Manager Craig Baker argues that high conviction stock picking is “the only way” to invest.

By Matteo Anelli,

Senior reporter, Trustnet

The merger of Witan and Alliance Trust, which was completed last week, was executed as cheaply as possible, according to manager Craig Baker. The merger will bring additional benefits to investors, such as increased scale and liquidity, he said, although experts had mixed feelings about it.

One thing that made the transition much easier is that Witan’s multi-manager approach was “quite similar in many ways” to the approach at Alliance Trust, and the two vehicles had some of the same underlying managers.

“Witan had two of the same emerging market managers as Alliance – Veritas [Asset Management] and GQG [Partners] – so those can just come across with no cost,” said Baker.

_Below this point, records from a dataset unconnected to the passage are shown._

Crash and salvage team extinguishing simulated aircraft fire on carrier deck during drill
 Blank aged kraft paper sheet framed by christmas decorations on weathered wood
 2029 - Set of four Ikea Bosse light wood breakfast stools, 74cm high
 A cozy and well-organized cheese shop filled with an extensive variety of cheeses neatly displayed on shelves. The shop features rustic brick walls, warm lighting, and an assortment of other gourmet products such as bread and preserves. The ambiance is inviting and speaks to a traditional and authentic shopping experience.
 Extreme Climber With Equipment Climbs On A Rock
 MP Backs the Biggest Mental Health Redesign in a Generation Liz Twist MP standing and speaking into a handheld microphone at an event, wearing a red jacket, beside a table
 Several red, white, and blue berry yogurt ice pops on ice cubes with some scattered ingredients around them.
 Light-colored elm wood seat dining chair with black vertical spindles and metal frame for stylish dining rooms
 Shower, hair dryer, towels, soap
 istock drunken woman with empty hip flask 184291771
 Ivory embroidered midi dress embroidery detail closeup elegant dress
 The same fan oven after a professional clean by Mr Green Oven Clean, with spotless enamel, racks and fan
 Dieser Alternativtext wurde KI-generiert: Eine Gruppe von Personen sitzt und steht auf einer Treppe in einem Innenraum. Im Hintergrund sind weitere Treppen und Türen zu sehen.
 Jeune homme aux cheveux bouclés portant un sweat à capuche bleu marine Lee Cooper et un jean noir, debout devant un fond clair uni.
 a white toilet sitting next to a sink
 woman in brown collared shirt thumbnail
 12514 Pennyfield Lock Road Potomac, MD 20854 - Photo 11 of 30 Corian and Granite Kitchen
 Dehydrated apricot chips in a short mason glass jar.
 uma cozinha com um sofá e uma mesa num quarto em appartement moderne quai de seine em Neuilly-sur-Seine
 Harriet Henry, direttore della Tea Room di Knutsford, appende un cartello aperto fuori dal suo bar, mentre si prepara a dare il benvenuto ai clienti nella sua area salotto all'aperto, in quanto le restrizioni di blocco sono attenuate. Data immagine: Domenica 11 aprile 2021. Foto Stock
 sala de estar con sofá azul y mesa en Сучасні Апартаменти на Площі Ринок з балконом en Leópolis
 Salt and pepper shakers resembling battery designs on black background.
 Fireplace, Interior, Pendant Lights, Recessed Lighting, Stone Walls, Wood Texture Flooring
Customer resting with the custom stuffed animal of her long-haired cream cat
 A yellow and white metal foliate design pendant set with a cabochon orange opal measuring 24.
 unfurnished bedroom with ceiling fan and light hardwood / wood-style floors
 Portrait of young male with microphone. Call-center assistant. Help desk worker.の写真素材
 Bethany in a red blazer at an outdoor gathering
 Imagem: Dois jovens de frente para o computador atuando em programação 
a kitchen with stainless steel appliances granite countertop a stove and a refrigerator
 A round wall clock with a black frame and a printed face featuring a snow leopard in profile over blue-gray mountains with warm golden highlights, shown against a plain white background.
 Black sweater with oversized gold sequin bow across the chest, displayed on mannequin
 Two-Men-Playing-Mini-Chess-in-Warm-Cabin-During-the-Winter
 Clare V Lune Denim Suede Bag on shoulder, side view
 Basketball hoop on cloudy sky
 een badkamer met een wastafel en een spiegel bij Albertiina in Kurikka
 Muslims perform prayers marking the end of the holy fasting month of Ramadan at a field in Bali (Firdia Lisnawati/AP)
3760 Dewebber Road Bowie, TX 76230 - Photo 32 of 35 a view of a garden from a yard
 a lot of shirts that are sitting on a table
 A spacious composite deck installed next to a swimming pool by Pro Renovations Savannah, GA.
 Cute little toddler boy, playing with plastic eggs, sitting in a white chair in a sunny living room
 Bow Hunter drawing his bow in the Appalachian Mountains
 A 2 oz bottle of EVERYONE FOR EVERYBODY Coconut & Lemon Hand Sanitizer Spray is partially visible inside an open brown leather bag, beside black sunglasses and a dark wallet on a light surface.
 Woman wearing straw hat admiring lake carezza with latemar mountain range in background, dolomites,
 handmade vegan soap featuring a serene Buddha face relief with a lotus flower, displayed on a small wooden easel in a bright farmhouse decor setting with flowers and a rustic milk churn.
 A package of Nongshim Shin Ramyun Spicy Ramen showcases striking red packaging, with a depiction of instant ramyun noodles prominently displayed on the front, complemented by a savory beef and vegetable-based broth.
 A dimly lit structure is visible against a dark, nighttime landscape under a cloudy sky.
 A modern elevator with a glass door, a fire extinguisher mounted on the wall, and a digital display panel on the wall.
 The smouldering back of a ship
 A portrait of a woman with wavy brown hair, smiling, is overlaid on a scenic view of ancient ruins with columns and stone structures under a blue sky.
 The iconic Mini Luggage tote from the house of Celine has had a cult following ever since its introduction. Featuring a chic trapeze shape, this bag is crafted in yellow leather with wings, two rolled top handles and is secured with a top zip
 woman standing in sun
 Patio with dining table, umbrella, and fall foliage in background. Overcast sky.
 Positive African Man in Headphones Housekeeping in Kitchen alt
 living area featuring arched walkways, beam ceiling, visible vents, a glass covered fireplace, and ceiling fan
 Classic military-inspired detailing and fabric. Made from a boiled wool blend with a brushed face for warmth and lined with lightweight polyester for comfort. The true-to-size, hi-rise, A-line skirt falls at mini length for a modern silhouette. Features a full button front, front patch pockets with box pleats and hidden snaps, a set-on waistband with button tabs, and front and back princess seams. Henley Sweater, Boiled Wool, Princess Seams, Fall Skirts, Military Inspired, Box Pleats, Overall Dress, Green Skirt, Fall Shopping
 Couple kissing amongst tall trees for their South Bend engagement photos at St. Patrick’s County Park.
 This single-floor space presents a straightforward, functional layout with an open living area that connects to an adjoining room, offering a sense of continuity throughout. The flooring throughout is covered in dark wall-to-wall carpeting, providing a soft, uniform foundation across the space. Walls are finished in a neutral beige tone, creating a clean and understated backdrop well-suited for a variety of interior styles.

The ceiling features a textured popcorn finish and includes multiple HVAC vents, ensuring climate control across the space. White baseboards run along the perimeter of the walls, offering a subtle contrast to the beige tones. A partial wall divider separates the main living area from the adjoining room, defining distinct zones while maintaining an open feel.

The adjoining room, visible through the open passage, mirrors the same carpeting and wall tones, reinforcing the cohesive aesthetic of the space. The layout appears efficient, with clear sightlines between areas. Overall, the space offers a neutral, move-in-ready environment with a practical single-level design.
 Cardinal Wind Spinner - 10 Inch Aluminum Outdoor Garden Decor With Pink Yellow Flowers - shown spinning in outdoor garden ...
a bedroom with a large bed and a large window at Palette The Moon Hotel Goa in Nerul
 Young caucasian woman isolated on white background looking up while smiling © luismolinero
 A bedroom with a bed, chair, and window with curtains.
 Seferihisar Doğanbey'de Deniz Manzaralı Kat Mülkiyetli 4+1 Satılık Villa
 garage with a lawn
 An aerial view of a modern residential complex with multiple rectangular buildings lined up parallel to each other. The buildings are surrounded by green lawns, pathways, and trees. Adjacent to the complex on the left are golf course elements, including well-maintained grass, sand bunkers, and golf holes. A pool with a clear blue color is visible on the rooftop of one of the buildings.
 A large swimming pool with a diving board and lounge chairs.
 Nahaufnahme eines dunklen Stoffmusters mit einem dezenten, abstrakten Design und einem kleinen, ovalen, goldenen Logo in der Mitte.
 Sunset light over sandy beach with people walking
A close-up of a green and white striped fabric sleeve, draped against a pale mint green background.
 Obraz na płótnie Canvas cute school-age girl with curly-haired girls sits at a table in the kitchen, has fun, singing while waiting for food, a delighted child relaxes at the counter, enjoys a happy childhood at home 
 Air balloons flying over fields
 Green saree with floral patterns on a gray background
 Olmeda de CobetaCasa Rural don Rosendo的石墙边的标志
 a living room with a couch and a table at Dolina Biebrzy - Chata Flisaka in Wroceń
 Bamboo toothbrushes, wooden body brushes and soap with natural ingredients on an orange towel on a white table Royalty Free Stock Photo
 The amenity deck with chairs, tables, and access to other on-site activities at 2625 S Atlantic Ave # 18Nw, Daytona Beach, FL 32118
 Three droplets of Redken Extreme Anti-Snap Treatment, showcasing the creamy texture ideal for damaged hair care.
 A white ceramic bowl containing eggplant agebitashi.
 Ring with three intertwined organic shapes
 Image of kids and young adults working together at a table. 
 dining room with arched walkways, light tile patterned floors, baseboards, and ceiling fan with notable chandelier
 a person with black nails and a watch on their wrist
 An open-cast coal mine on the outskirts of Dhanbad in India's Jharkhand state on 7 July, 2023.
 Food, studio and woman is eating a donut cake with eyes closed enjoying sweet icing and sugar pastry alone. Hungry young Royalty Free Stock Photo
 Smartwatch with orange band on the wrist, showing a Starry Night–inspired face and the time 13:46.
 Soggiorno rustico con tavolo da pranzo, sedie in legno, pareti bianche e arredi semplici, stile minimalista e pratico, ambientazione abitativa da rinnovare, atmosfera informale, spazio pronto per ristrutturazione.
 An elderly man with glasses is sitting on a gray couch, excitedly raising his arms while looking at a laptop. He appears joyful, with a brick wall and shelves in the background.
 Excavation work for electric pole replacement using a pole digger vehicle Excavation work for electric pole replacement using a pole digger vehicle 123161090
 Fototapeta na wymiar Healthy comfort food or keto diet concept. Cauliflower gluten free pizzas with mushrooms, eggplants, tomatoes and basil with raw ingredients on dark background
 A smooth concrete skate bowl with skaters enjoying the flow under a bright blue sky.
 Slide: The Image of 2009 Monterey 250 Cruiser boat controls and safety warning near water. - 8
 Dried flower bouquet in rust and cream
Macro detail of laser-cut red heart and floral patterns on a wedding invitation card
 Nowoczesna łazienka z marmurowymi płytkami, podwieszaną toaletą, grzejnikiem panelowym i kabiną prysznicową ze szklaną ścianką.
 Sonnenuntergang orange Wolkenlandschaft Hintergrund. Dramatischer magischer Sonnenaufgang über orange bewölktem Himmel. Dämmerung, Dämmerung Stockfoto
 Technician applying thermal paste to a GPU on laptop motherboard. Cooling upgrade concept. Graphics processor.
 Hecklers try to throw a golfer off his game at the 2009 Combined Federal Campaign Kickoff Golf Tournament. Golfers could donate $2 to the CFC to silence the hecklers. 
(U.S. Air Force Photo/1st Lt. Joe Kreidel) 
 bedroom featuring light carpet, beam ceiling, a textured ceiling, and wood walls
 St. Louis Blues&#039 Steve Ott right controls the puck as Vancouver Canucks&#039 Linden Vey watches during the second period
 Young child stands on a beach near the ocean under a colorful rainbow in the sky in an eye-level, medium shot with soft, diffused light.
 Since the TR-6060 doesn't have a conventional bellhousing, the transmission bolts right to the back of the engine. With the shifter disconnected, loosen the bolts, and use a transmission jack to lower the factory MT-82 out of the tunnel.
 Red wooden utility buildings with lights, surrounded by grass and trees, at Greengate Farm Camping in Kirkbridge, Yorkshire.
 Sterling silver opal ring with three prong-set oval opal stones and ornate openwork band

Furthermore, the newly-created Alliance Witan has awarded a mandate to Jennison Associates, a growth manager that was part of Witan’s stable. “Jennison is a manager that we've rated highly and was already in some of our institutional portfolios,” he explained.

As for the costs of bringing the rest of the Witan portfolio across, Baker promised they will be “incredibly low”.

“We don’t have lots of UK equities that trade on stamp duty and those kinds of things drive costs up,” he said.

On top of that, Baker is using BlackRock as a transition manager, as he did in 2017 when the legacy Alliance portfolio transitioned to the current multi-manager approach.

“Back then, we managed to keep the costs at an absolute minimum, much less than half a percent, probably about 0.1% or 0.2%,” he said.

The enlarged scale of the new £5bn trust also allowed the board to lower the ongoing cost ratio (OCR) to a figure in the “high 50s” (i.e. above 0.55%) and also means that the trust might qualify for inclusion in the FTSE 100, which would “increase liquidity, open up the trust to investors who only invest in large funds and potentially also close the discount even further” from the current 5.45%.

“We are getting an increasing dividend through this process and we have done it in a way where there is no net asset value dilution for shareholders,” Baker continued.

“The merger is going to ultimately lead to a higher profile, allowing us to spend more on marketing and get more people on board.”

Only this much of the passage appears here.